La Fiscalía estadounidense modificó la acusación contra Nicolás Maduro y ya no define al Cártel de los Soles como una organización criminal estructurada, sino como un sistema de corrupción. El giro contradice la postura del Gobierno argentino, que lo había declarado grupo terrorista.
La Justicia de Estados Unidos cambió de manera sustancial su postura sobre el denominado Cártel de los Soles y admitió que no se trata de una “organización criminal real”. La modificación aparece en una acusación revisada de la Fiscalía estadounidense, conocida tras el secuestro de Nicolás Maduro, y marca un quiebre con el enfoque sostenido desde 2020, que había sido utilizado por Donald Trump para justificar acciones militares contra Venezuela.
En la nueva imputación, el Departamento de Justicia ya no presenta al Cártel de los Soles como un cartel narco organizado ni señala a Maduro como su líder. En cambio, lo describe como un “sistema clientelar” y una “cultura de corrupción” que involucra a funcionarios civiles, militares y de inteligencia venezolanos, protegidos desde las más altas esferas del poder.
El contraste entre ambas acusaciones es significativo. Mientras que el escrito de 2020 mencionaba al Cártel de los Soles en 32 oportunidades y afirmaba que Maduro “ayudó a gestionar y liderar” esa estructura criminal, la acusación actual lo nombra solo dos veces y sostiene que tanto Maduro como el ex presidente Hugo Chávez actuaron como “protectores” de un entramado de corrupción alimentado por el narcotráfico.
Uno de los pasajes centrales del nuevo documento judicial afirma que “Nicolás Maduro Moros, al igual que el expresidente Chávez antes que él, participa, perpetúa y protege una cultura de corrupción en la que las élites venezolanas se enriquecen mediante el narcotráfico”, pero evita definir al Cártel de los Soles como una organización criminal con estructura propia.
La segunda mención al Cártel aparece vinculada a un hecho puntual ocurrido en 2015, cuando dos familiares de Maduro fueron acusados de planificar el envío de cargamentos de cocaína desde el aeropuerto de Maiquetía, utilizando el llamado “hangar presidencial”. En ese contexto, la Fiscalía señala que los involucrados se referían al Cártel de los Soles como un sistema de protección dentro del aparato estatal, y no como un cartel clásico del narcotráfico.

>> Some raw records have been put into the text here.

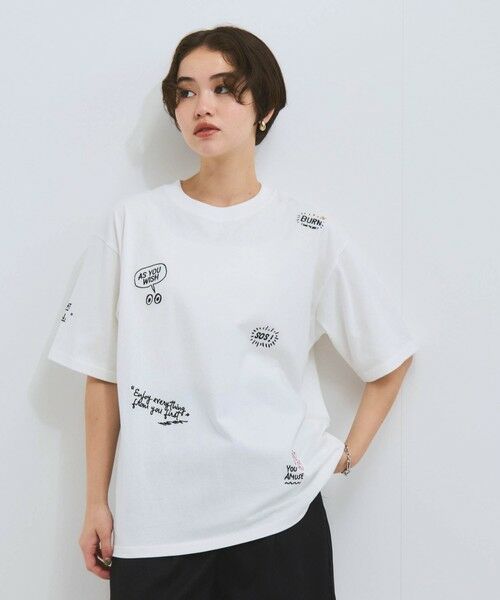 VICKY / ビッキー カットソー | 落書き刺繍Tシャツ≪洗濯機で洗える≫ | 詳細1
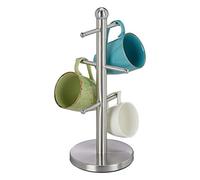 Relaxdays Porta Tazze da Appoggio con 6 Aste, Argento | Portatazzine da Caffè da Cucina Salvaspazio, Supporto ad Albero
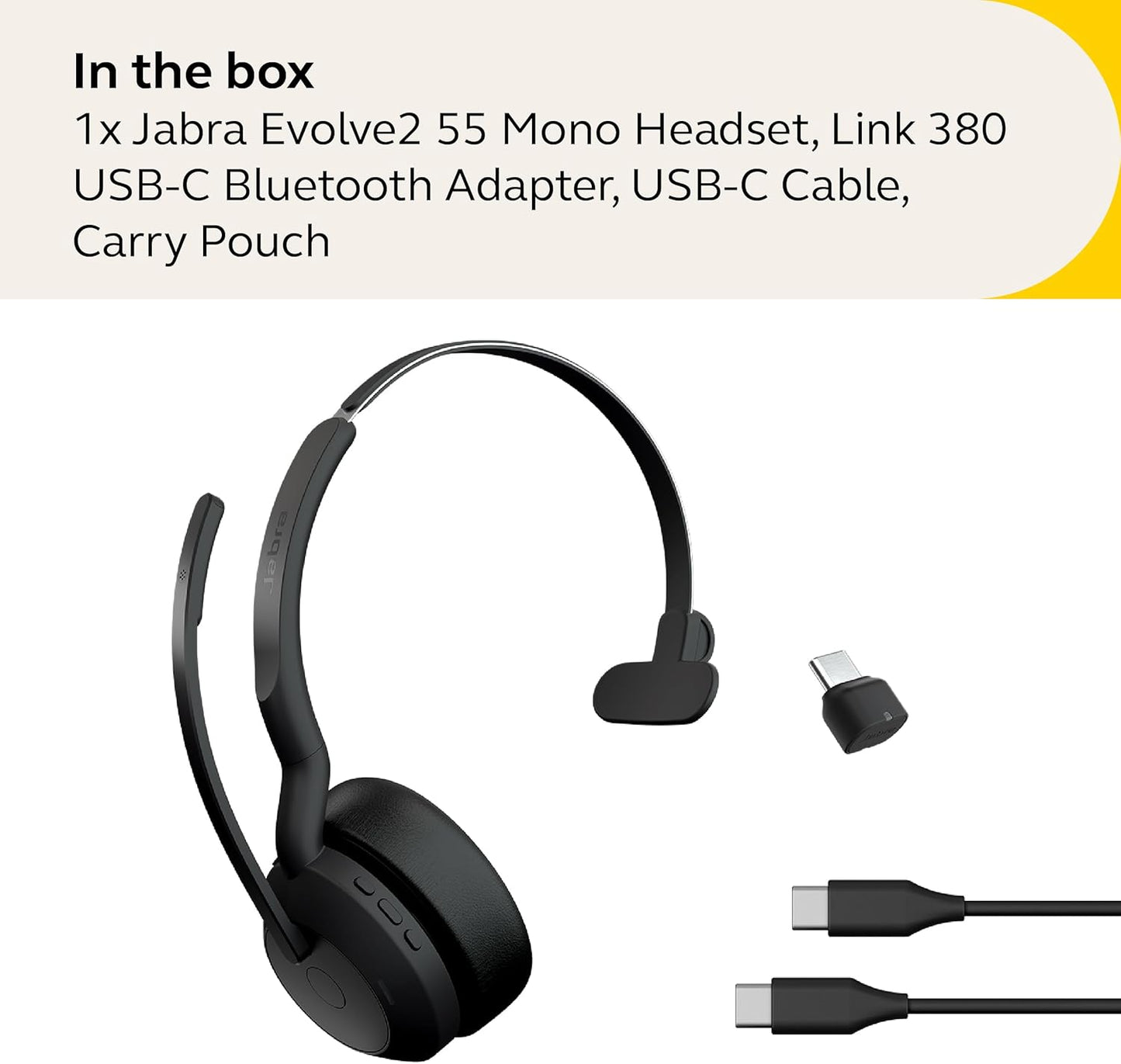 Jabra Evolve2 55 Mono Wireless Headset - Features AirComfort Technology, Noise-Cancelling Mics & Active Noise Cancellation - Works with UC Platforms Such as Zoom & Google Meet - Black
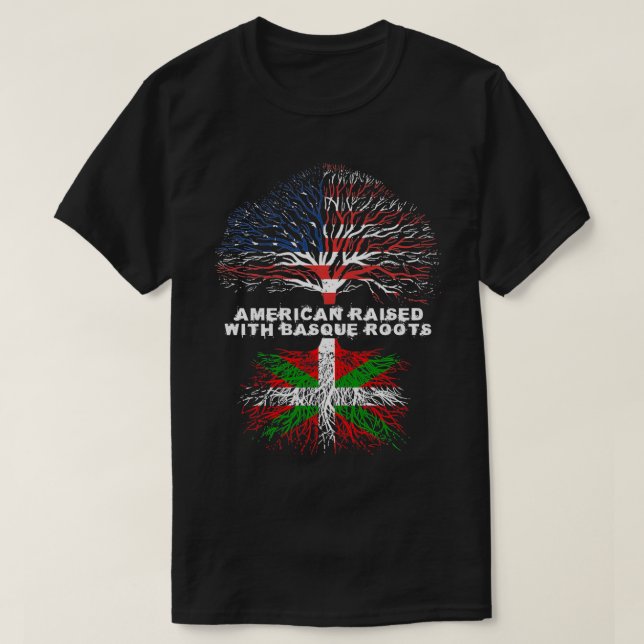 T-shirt Américain élevé avec basques basques Roots basques (Design devant)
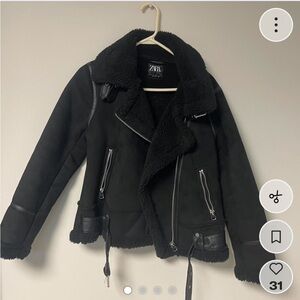 Zara Black Shearling-Lined Leather Jacket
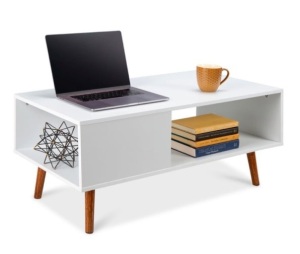 Wooden Mid-Century Modern Coffee Accent Table w/ Open Storage Shelf, White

Este cambio de postura deja en una posición incómoda al gobierno de Javier Milei. En agosto del año pasado, la administración argentina había designado al Cártel de los Soles como una organización terrorista, copiando la línea dura impulsada por Trump. La decisión implicó su incorporación al Registro Público de Personas y Entidades vinculadas a Actos de Terrorismo y su Financiamiento, dependiente del Ministerio de Justicia.
Pese al giro de Washington, la Argentina mantuvo su discurso. Durante una reciente reunión del Consejo Permanente de la Organización de los Estados Americanos, el embajador argentino Carlos Cherniak volvió a acusar a Maduro de ser el “líder del Cártel de los Soles” y respaldó las acciones de Estados Unidos en Venezuela, reafirmando una posición que ahora queda desalineada con la nueva estrategia judicial estadounidense.
Tras la captura de Maduro y su esposa, Cilia Flores, el Departamento de Justicia ratificó las acusaciones por conspiración de narcotráfico, pero abandonó la idea de un cartel estructurado. El viraje no elimina los señalamientos contra el mandatario venezolano, aunque sí debilita uno de los principales argumentos políticos y jurídicos utilizados en los últimos años para justificar sanciones, operaciones militares y designaciones de organizaciones terroristas en la región.